曾有论者感慨,以往有关庄子的著作很难避免二蔽:分段注释容易支离无归,系统解释则又常常空疏无根。《释义》采用分段注释的形式,在疏通文意之外并没有在具体字句的解释上花费更多工夫,而是把精力主要放在对其中哲学意蕴的揭示上,能够让关心庄子哲学思想的读者很快理出头绪,而不至陷入纷繁复杂的注释之中。《释义》的这种注重理论通透的进路,在避免空疏与支离二弊方面,无疑是一个有益的尝试。

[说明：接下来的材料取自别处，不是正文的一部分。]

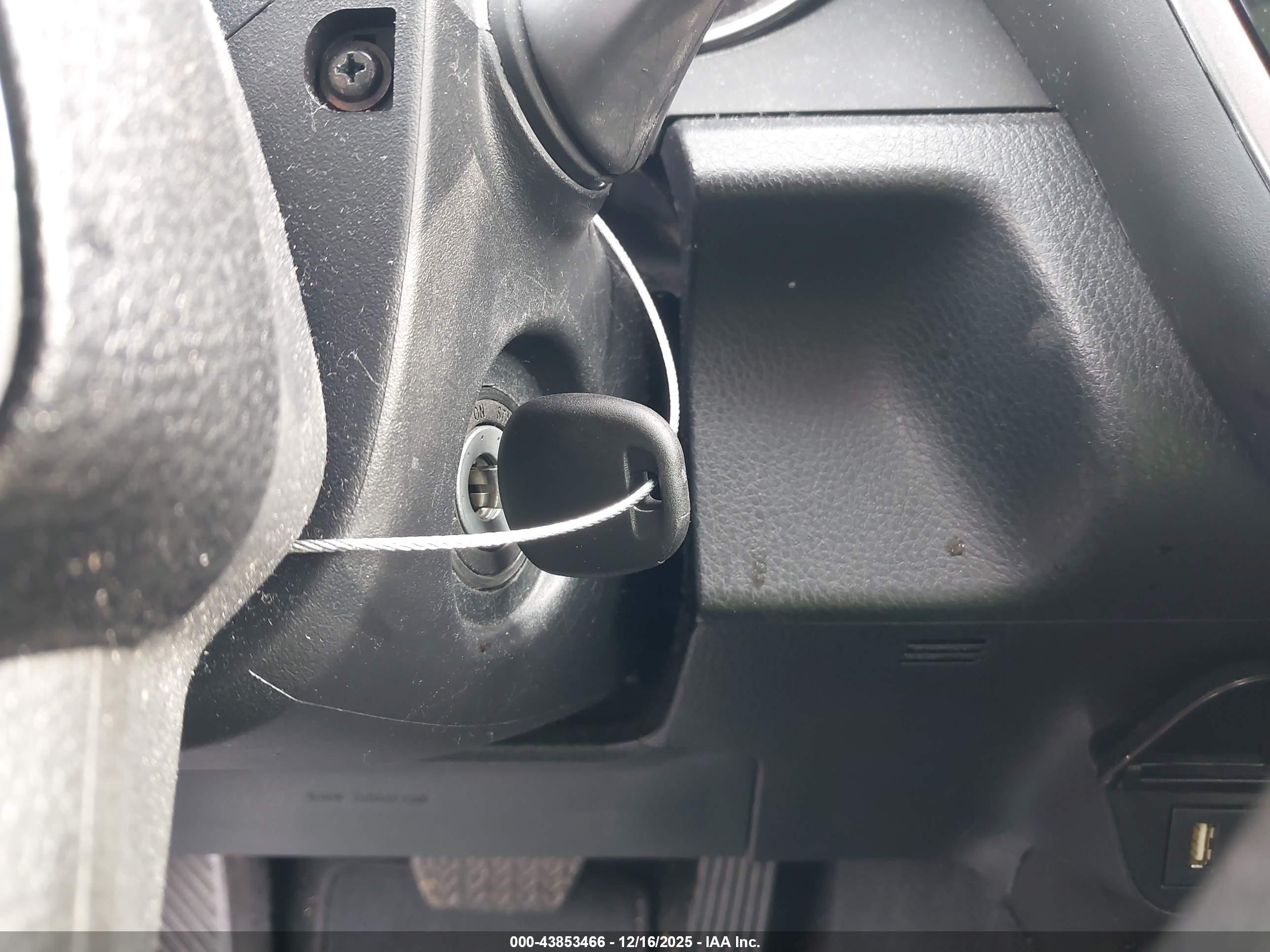 TOYOTA CAMRY image 11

现有的那些解说庄子哲学的著作,究其实质,基本上是一种一阶研究,即:作者根据自己对哲学的理解,把庄子说成某种哲学观点的持有者,通篇都是庄子如何如何,比如,“庄子的‘自由’概念具有如下的特点”“庄子哲学中的本体与主体”,等等。由于哲学素养的贫弱,很多作者自觉不自觉地沦为某种西方哲学的传声筒,庄子因而被打扮成各种主义的模特儿,我们见过太多存在主义的庄子,现象学的庄子,后现代主义的庄子。

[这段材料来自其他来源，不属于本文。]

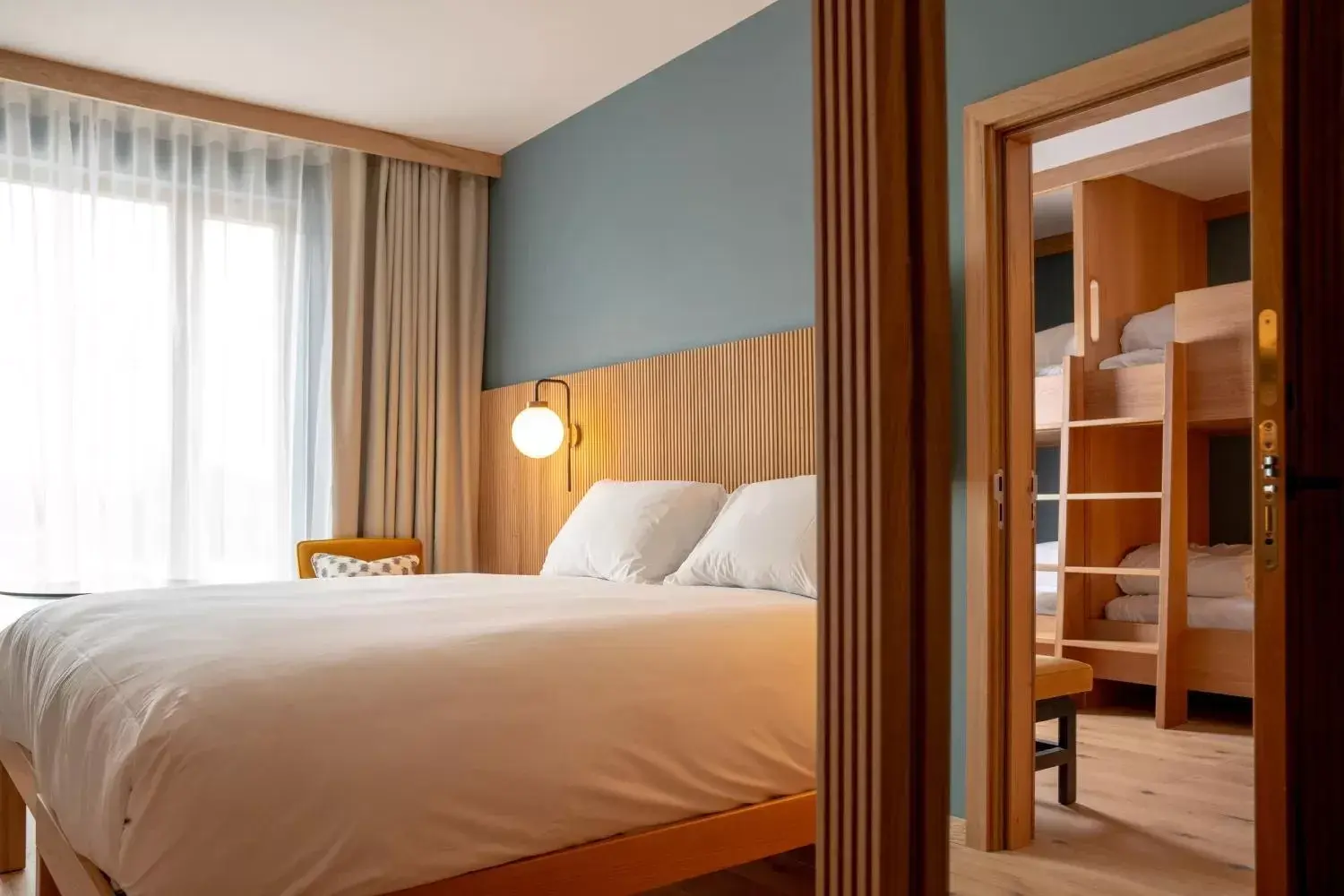 Superior Family Room in Mollie's Motel & Diner Bristol Superior Family Room in Mollie's Motel & Diner Bristol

对于庄子的一阶研究,其结果是庄子的经学化或神学化,这些著作的潜台词都是:庄子是最好的,庄子是特殊的乃至独一无二的,庄子无有不足。总之,庄子被捧上神坛,成了思想上的“南华真人”。
与之不同,杨欣赏庄子,是把他作为一个有原创意义的哲学家进行对话。只是在杨的书里,我们才会读到这样的句子:庄子有见于××,而无见于××;在××方面,庄子与××无疑有相通之处,但在××方面,庄子又表现出不同的旨趣,等等。正是在这个意义上,我们说,《释义》的写法是二阶的。如果说,一阶研究关心的是庄子说了什么,那么,二阶研究感兴趣的则是把庄子的哲学言说放在古今世界哲学当中考量。在一阶研究者那里,庄子如果不是“惟一真神”,也至少是奥林匹亚山上的宙斯——诸神之王。而在二阶研究者这里,庄子就是一个论道者,古往今来中外众多论道者当中的一员。庄子在世之日,他与惠施的论辩,为我们留下今天哲学史上的精彩对话之一。在某种意义上,二阶研究者是将庄子复活,让他与西方人、当代人进行哲学论辩。
了解庄子哲学进路的两个特点
对庄子哲学胜义的揭示,即便从数量上说,杨著也大大超过了那些一阶研究著作。通过《释义》,我们至少可以了解庄子哲学进路有如下两个特点。
其一是认识论与本体论统一。《释义》指出:
不难注意到,对庄子而言,认识论的进路和本体论的进路是相互统一的,他一开始说“其知有所至矣”,似乎更多地涉及人的认识所达到的境界,然而,这一问题同时又与他对整个世界的看法联系在一起,亦即和本体论的问题相关联。同样,是非之辨在狭义上本来属于认识论的问题,但庄子却把是非之辩放在本体论的领域来加以讨论,也就是说,存在的图景和对存在的认识彼此互融。总之,在庄子那里,认识论问题的讨论和本体论问题的讨论总是相互交错,而非彼此分离。这样的进路也许会使认识论本身不能充分展开,但就其拒绝将认识的问题和存在的问题截然分开而言,无疑又不无所见。(73-74页)
其二是重视主体间关系。《释义》写道:
考察庄子的论证,可以注意到,其整个分析、推论过程的基本特点,在于仅仅限于主体之间的关系,不管是你与我,还是你、我、他,都只涉及讨论的参与者之间的关系,亦即不同主体之间的关系。庄子试图在主体之间找到一个共同的标准,其前提是:是非之辩不超出主体间关系的论域。……可以注意到,庄子把主体间的关系放在一个非常突出的位置,并以十分尖锐的方式,把主体间关系在认识论中的意义突显出来,这在先秦哲学中是比较独特的,在整个中国哲学史上也有其重要的意义。(105页)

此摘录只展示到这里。